[TASK GOAL] Write the data below out exactly as it stands. Do not include the pictures.

[DATASET CONTENT]
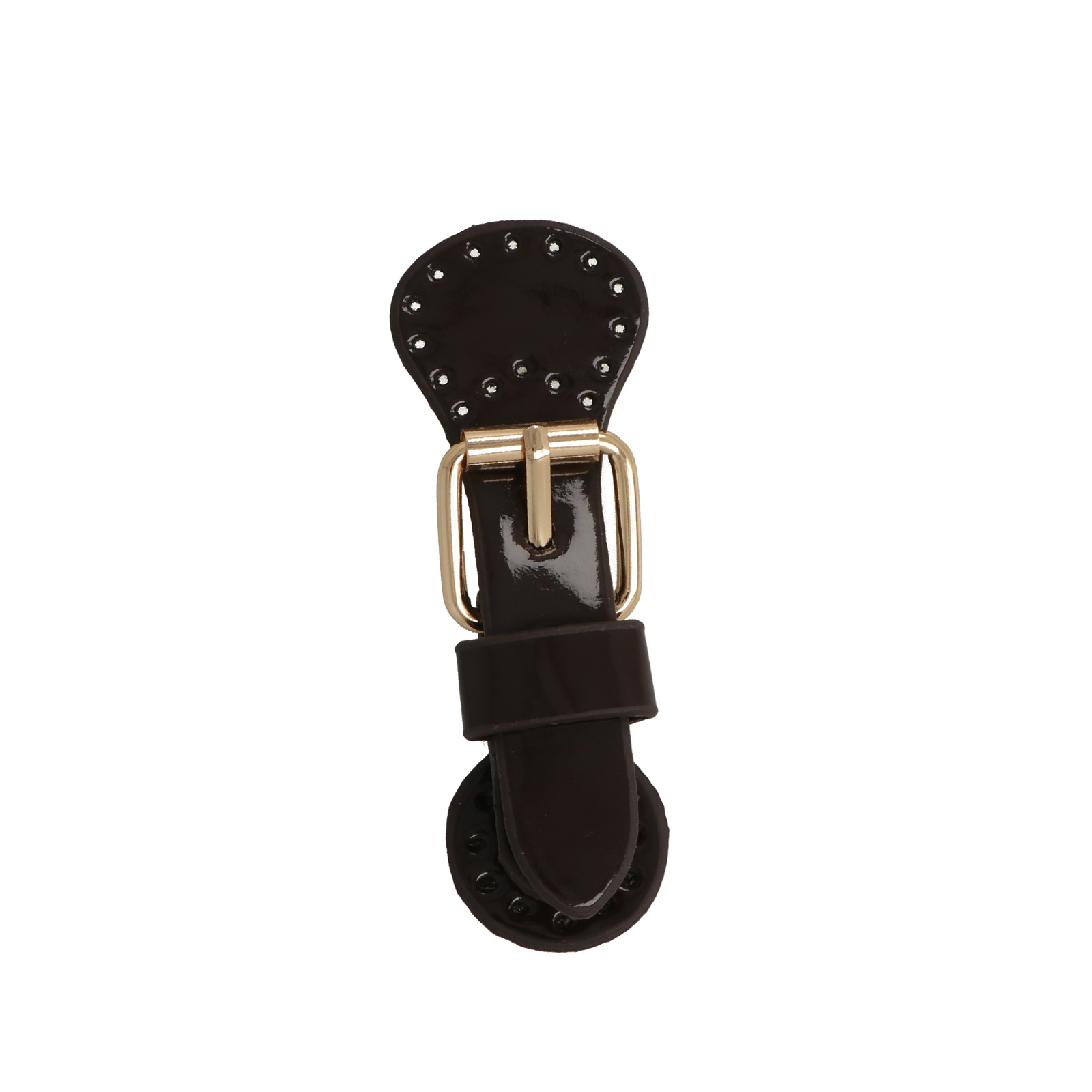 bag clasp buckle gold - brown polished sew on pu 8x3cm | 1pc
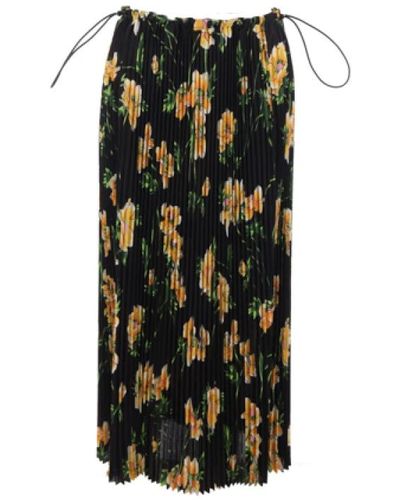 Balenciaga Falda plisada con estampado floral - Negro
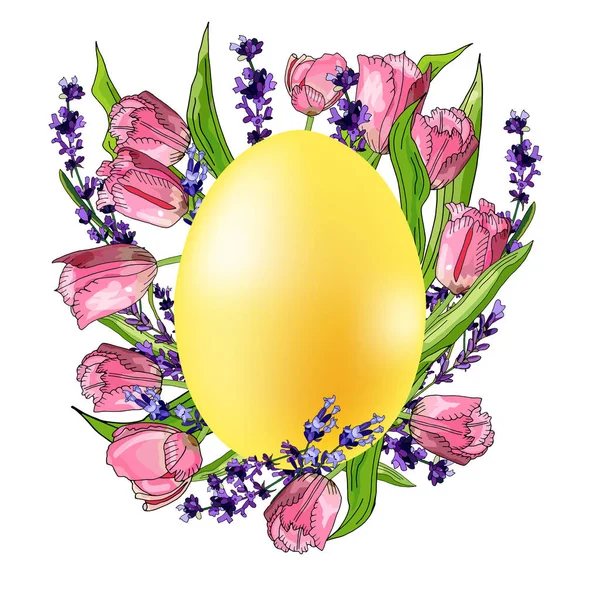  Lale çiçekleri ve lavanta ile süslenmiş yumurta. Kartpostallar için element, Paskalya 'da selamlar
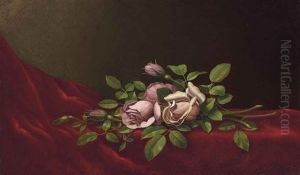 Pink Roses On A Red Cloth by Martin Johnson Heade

[OUTPUT FOR THIS TASK]
 bag clasp buckle gold - brown polished sew on pu 8x3cm | 1pc
 Balenciaga Falda plisada con estampado floral - Negro
  Lale çiçekleri ve lavanta ile süslenmiş yumurta. Kartpostallar için element, Paskalya 'da selamlar
 Pink Roses On A Red Cloth by Martin Johnson Heade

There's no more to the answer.